The Daily Grind Video

Embroiled in a firestorm of criticism and ridicule that he is a “fake,” the sign language interpreter who performed at Nelson Mandela’s memorial has come forward with some shocking news.

Thamsanqa Jantjie claims the reason he was signing “gibberish” is because he suffers from schizophrenia and was having an episode in the middle of interpreting.

In an Associated Press interview, the interpreter said that he began hallucinating and seeing angels while signing. He tried not to panic because there were armed policemen around.

“What happened that day, I see angels come to the stadium … I start realizing that the problem is here. And the problem, I don’t know the attack of this problem, how will it comes. Sometimes I react violent on that place. Sometimes I will see things that chase me,” Jantjie said.

“I was in a very difficult position,” he added. “And remember those people, the president and everyone, they were armed, there was armed police around me. If I start panicking I’ll start being a problem. I have to deal with this in a manner so that I mustn’t embarrass my country.”

Jantjie expressed his remorse for signing the unfamiliar gestures to the hearing impaired.

“I would like to tell everybody that if I’ve offended anyone, please, forgive me.

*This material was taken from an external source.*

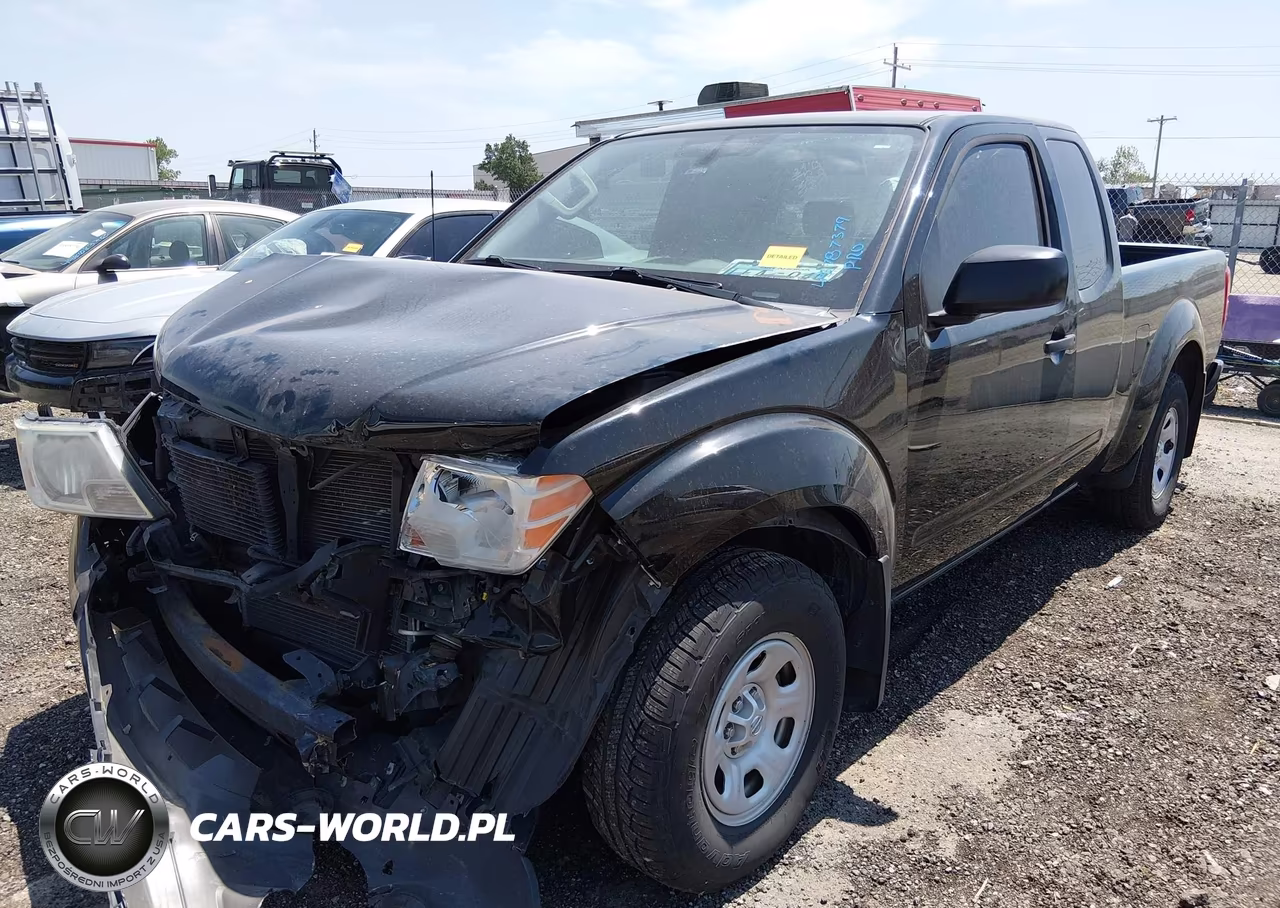 2019 Nissan Frontier S VIN:1N6BD0CT2KN704514 - 2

But what I was doing, I was doing what I believe is my calling, I was doing what I believe makes a difference.”

“For the deaf association, if they think that I’ve done a wrong interpretation, I ask forgiveness,” Jantjie said.

The day of the memorial, Jantjie said he was scheduled to get a regular six-month mental health checkup to determine whether the medication he was taking worked. The company that contracted him, SA Interpreters in Johannesburg, did know of his condition, but they did not, he said, know about his appointment.

But some digging from an AP journalist found that the company might not even exist.

AP journalists who visited the address of the company that Jantjie provided found a different company there where managers said they knew nothing about SA Interpreters. A woman answered the phone at a number that Jantjie provided and said it was not for the company, and another phone number went to a voicemail that did not identify the person or company with the number.

Jantjie said he received one year of sign language interpretation at a school in Cape Town, and insisted that he has previously interpreted at many events without anyone complaining.

Hmmm. Whatever the case, we hope he gets the help he needs.